'''

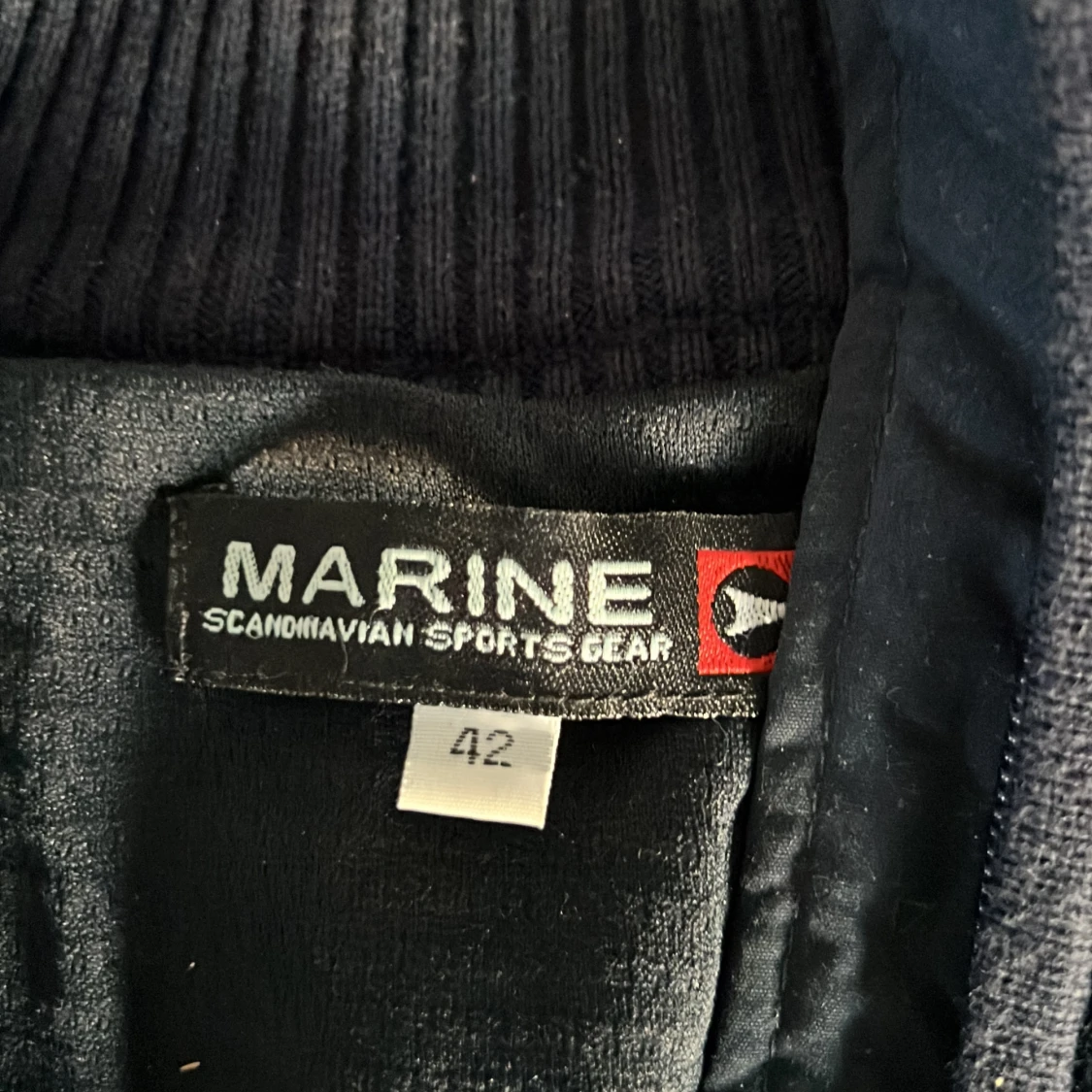 Fodrad stickad jacka med blixtlås - 91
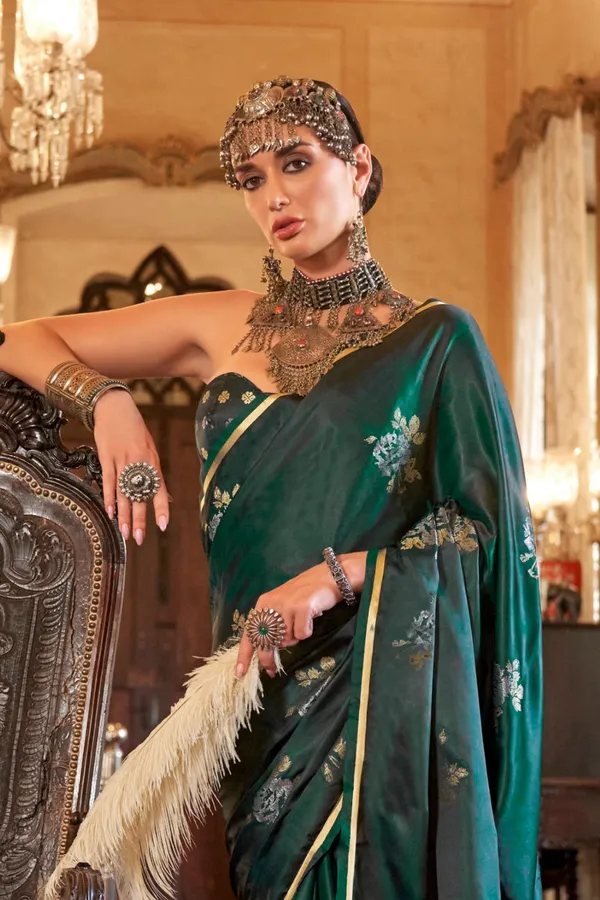 Green_Premium_Handloom_Weaving_Silk_With_Blouse_Piece_For_Women_&_Girls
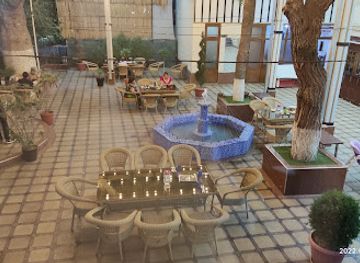 uzbekistan/samarkand/restaurant/du-chinor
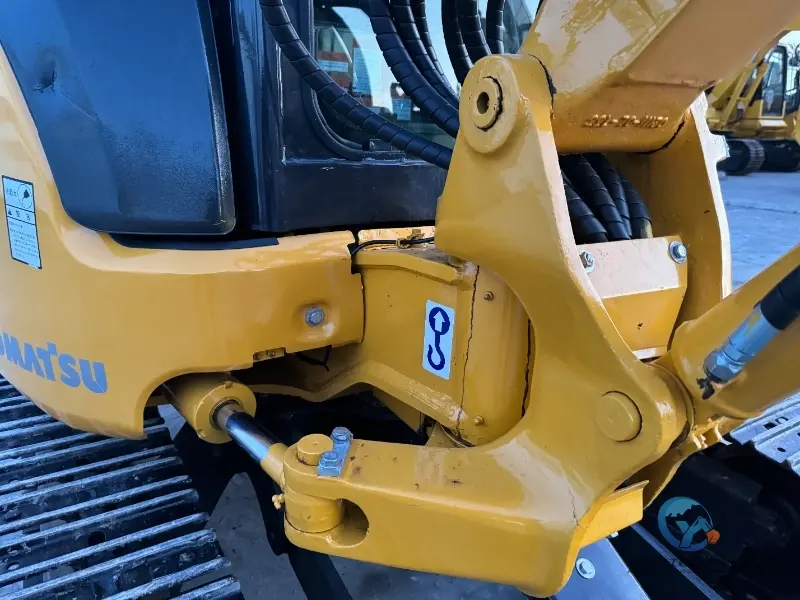 13_Used-Excavator-Komatsu-PC30MR-2-10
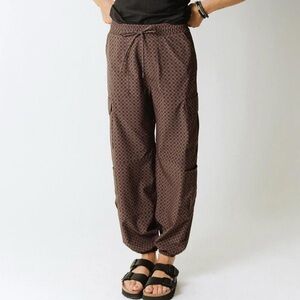 NWOT Albion Brown Cargo Pants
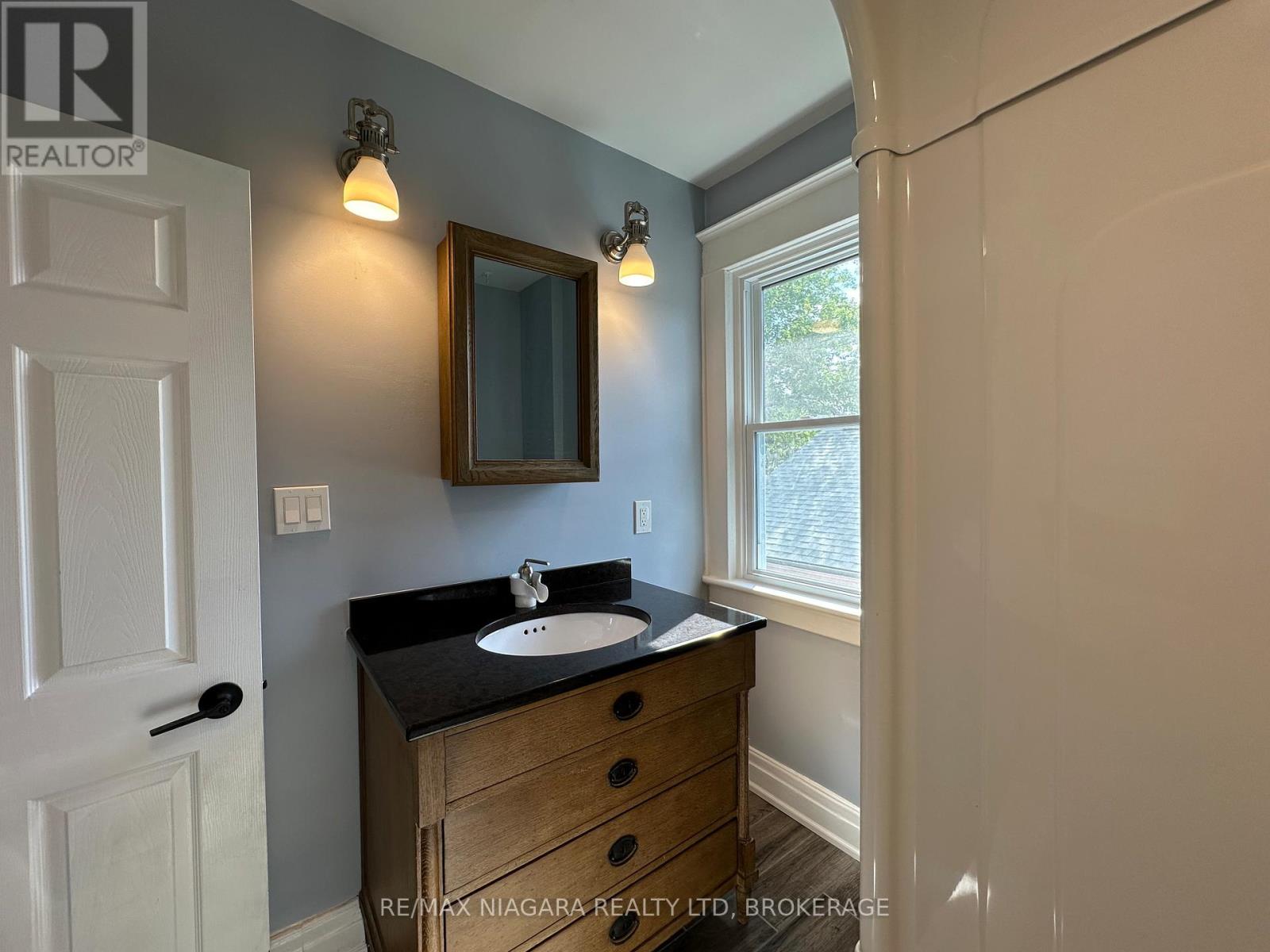 Unit B - 27 Water Street, St. Catharines, Ontario  L2R 4T6 - Photo 15 - X12448229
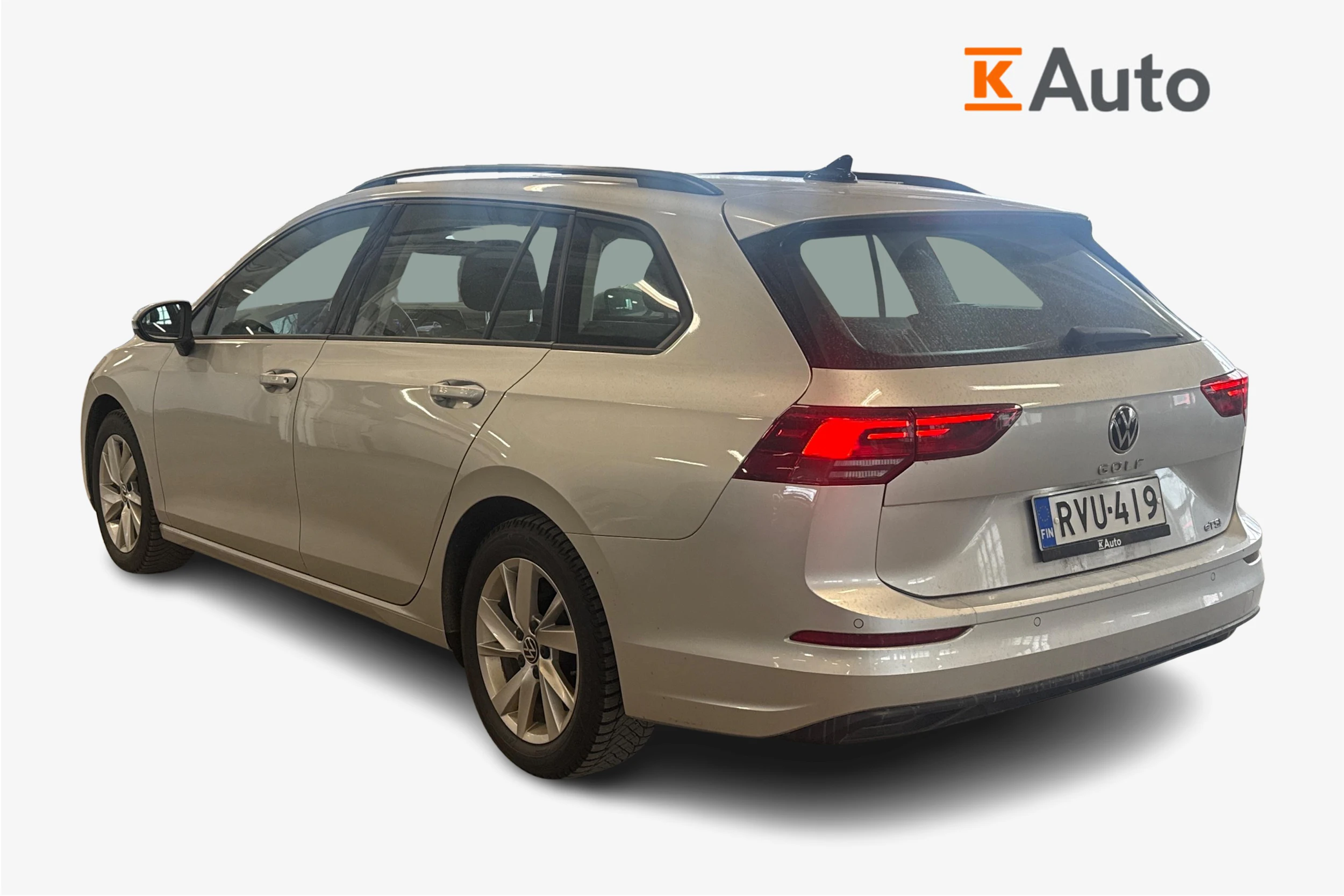 harmaa Volkswagen Golf 2024 kuva 2.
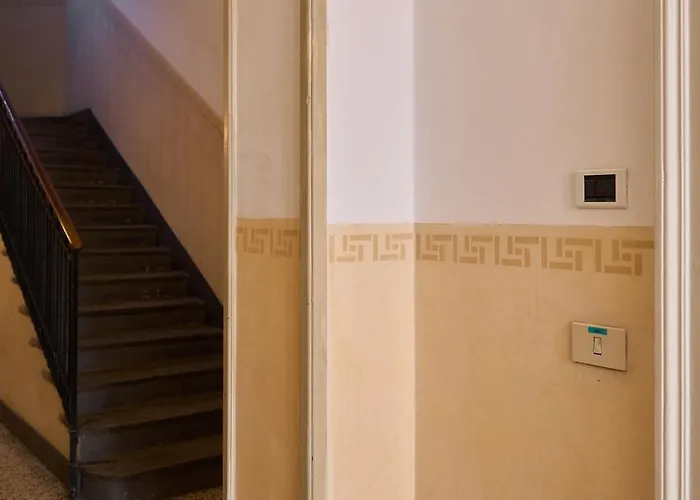 Luxury Penthouse Porta Romana شقة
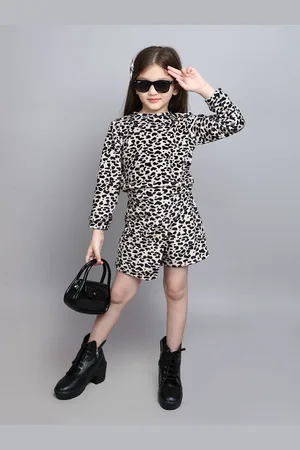 taffykids Girls Printed Top with Shorts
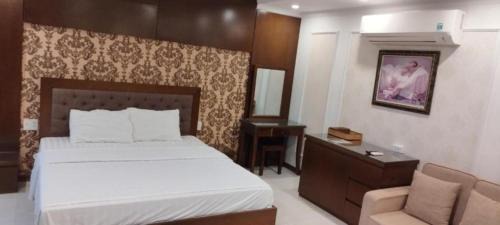 Deluxe Suite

'''

Problem statement
In the records above, find the line that contains "taffykids Girls Printed Top with Shorts". Retype it and every line after it, exactly, leaving out all pictures.

Reply to the exercise
 taffykids Girls Printed Top with Shorts
 Deluxe Suite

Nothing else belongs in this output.